「悲しい」イコライザー THE FINAL aさんの映画レビュー(感想・評価)
悲しい
イコライザーファンです。書き殴ったので読みにくかったら申し訳ありません。
全編を通して酷いです。一作目が好きな人は見ない方がいいです。
そもそも一作目のマッコールさんは「CIAで手を汚してきた過去は決して誇れるものではなかった。死んだ妻にも殺しを反対された。それでもなお眠れなくなるほどに強く沸き起こる正義感に悩み続け、スーザンの助言を経て、善良で非力な一般人のために自分ができることをやると決意し、妻に二度目の別れを告げ、完全なる利他主義のもと求道者として第二の人生を歩み始める」という唯一無二の、ある意味悲劇的なヒーローだからかっこよかったのであって、「自分が気に入った場所だから」という個人的な理由で怒りに任せてマフィアを殺しまくったり、一般人の目に入る場所で堂々と暴力を振るい、挙句の果てには「他所でやれ(他所でならやってもいい)。」などと言ってしまう三作目のマッコールさんはもはや原型を留めていないです。
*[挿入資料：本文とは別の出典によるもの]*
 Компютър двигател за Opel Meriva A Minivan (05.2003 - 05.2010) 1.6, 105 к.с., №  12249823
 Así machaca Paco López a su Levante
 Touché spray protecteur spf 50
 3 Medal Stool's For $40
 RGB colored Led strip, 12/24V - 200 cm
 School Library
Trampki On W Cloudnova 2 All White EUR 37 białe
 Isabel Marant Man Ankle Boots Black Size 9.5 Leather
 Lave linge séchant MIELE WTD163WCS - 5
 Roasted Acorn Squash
もっとわかりやすく言えば、「マッコールさんはそんなことしない」です。
殺しに個人的な感情が絡むという描写は、友人であり唯一の理解者であるスーザンを殺された二作目で十分ですし、これは人間離れしたマッコールさんの人間的な部分を強調するためのスパイスに過ぎないはずです。同作でマイルズを救ったのも「黒人だから個人的に救った」というような安直な理由ではなく、「本当は殺しなんかしたくないのに、生きるためにしなくてはならない」という彼の境遇に過去の自分を重ね合わせ、「自分と同じ道を歩んでほしくない」、「自分と同じ道を不本意ながら歩まなくてはいけない善良な人を救いたい」という利他主義からの行動であり、マイルズが黒人なのはおそらく「奇しくも父性を知らずに育ったマイルズの父親代わりとなった」みたいなお涙頂戴要素であり、マッコールさんの個人的な同胞意識ではないはずです。
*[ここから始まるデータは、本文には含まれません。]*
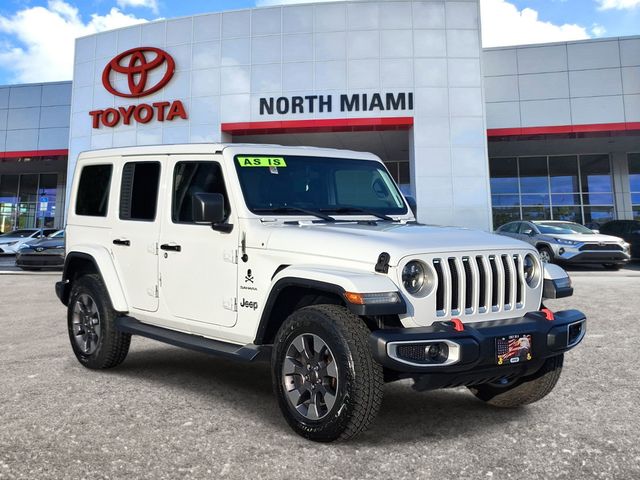 2020 Jeep Wrangler Unlimited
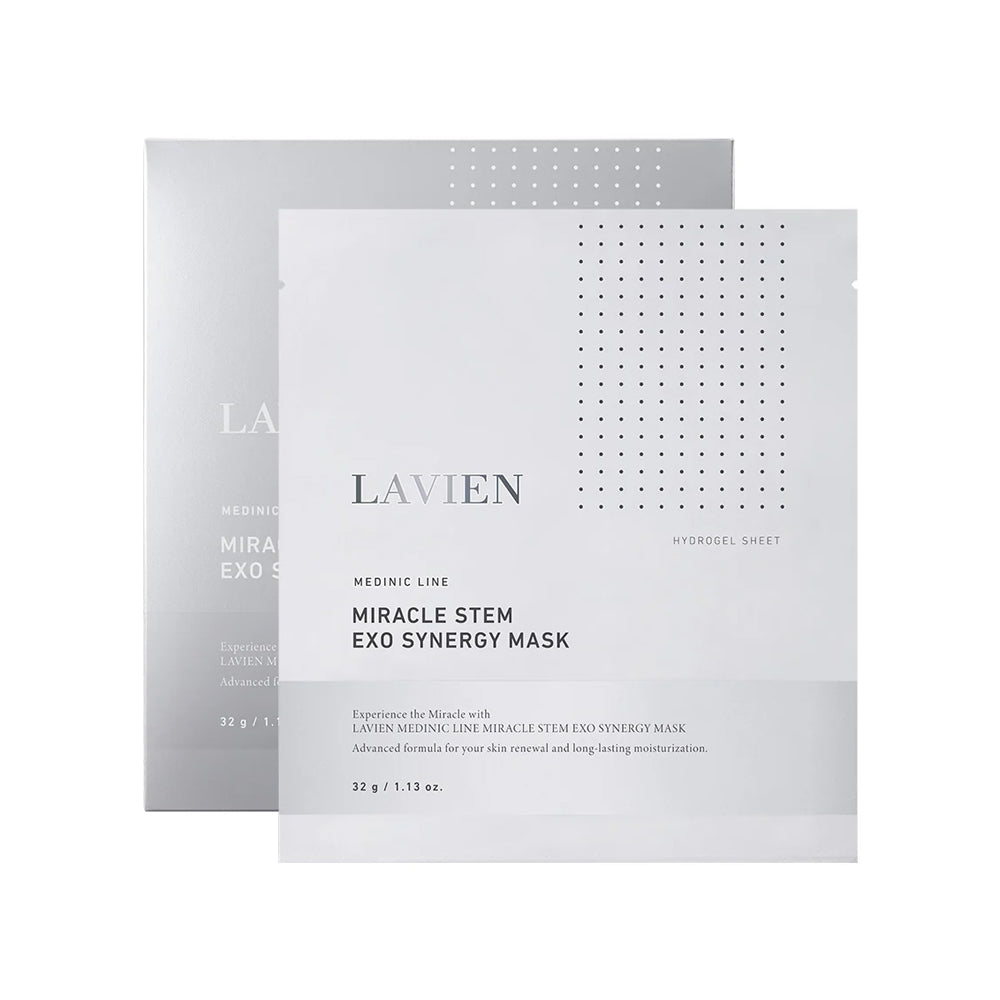 LAVIEN Medinic Line Miracle Stem EXO Synergy Mask 32g * 4ea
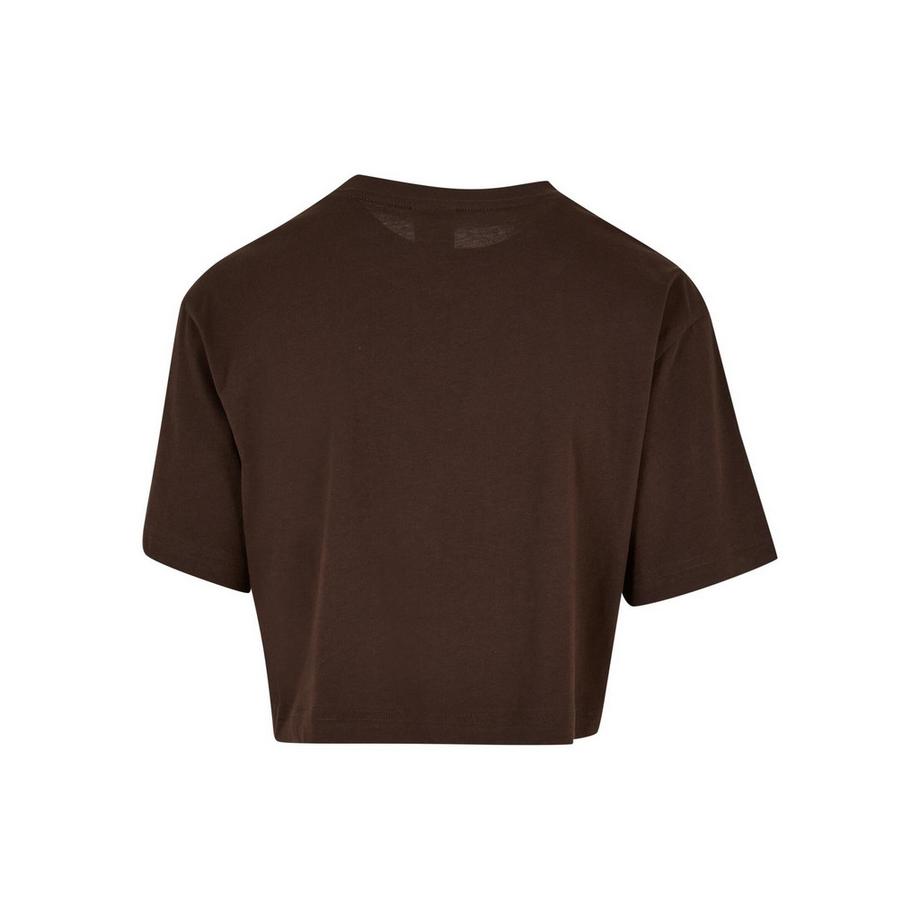 URBAN CLASSICS Oversize Cropped T-Shirt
マッコールさんの人間的な部分を描写した二作目は、妻と決別し、さらにスーザンまで失ってしまったマッコールさんが例外的に感情を爆発させ、実の妹と肖像画で二度別れを経験したおじいさん、娘と店を同時に失いそうになる行きつけの本屋、マイルズの兄とマイルズを二人失いそうになる母親を救済し、逆にマッコールさんを失って自らスーザンまで亡き者にしたデイヴに制裁を与え、最後に指輪を外すことで妻との別れを強調して感傷に浸るエピローグ的な扱いだと認識していました。
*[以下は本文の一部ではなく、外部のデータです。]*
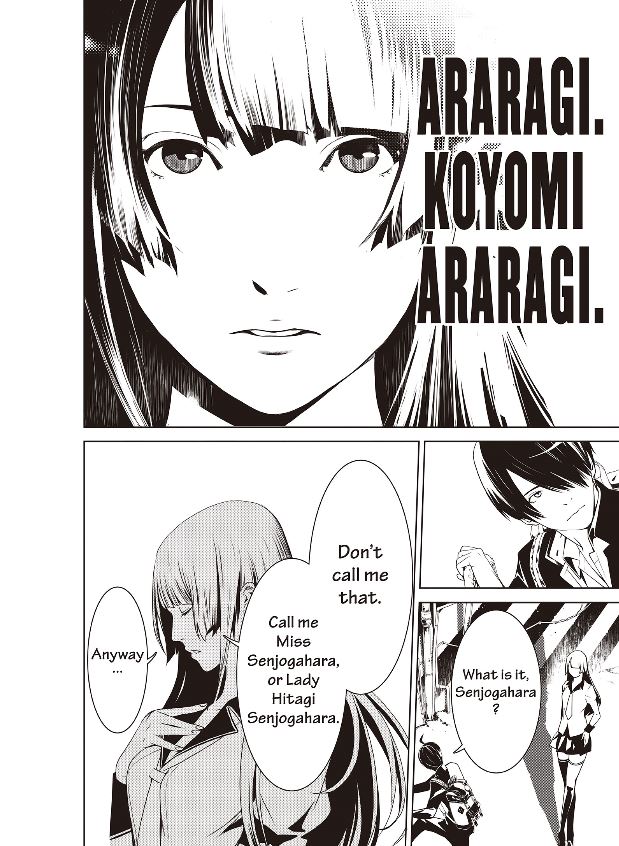 Bakemonogatari bog 1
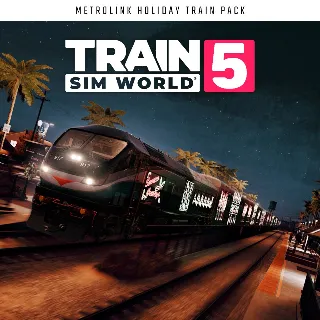 Купить Train Sim World® 5: Metrolink Holiday Train Pack | XBOX+PC | На любой аккаунт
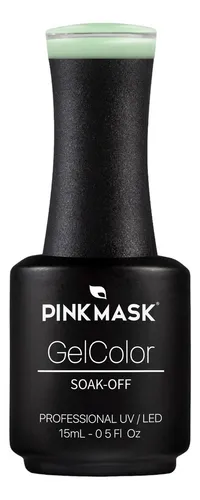 Esmalte Semipermanente Pink Mask Gel Color Discounted Dream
かと思えば三作目、マッコールさんはがっつり指輪してますし、みんなのためではなく個人的にムカつくから敵を痛めつけていますし、なんならその敵も小物ですし、殺し方もオーバードーズってなんかシャープじゃないし、レモンを万引きして食っててシンプルに犯罪だし、なんか役者も大根だし、演出もわざとらしくて好きになれないし、これはもはやイコライザーではないです。「ジョン・ウィックのファンが適当に作ったイコライザーの続編」と言われても信じてしまうくらい酷い出来でした。本当は星0.5にしたいですが、最後にスーザンの写真が出てきたことろで思わずグッと来てしまったので星1にします。